PROPERTY giant Land Securities said it made “sound progress” during the first quarter, in a trading update today.
The firm, which owns Liverpool’s St John’s shopping centre and the neighbouring Clayton Square centre, reported good interest in its London portfolio and its retail sites around the country, despite concerns over the weak economy.
It achieved property sales totalling £177.1m in the quarter, at 7.9% above March 2011 valuations.
The group has a variety of retail schemes either under construction or undergoing expansion around the country, including in Leeds, Glasgow and Cardiff, despite experiencing static footfall in its centres during the period.
Chief executive Francis Salway said today: “While the quarter has seen a period of uncertainty in the wider economy, out activities show that our plan continues to deliver opportunities for value creation.
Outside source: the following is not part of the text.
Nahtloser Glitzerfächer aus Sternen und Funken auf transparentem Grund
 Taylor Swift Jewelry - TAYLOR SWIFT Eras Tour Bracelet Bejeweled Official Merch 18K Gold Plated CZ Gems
“The outlook for development in London remains attractive and, despite the mixed messages in the retail sector, our leasing activity demonstrates that the stronger retailers are looking to take new space.
“This retail demand has meant we have, over the past few months, also begun to step up our activity in retail development predominantly in edge of town locations and we now have a £275m, 1m sq ft pipeline of opportunities to meet the growing demand from food and fashion retailers for space.”
Liverpool stockbroker Panmure Gordon retained its ‘hold’ recommendation to shareholders for the stock, saying: “The trading update reiterates the familiar themes of strong tenant demand and growth in rents in central London, while the retail environment remains challenging albeit with some bright spots.”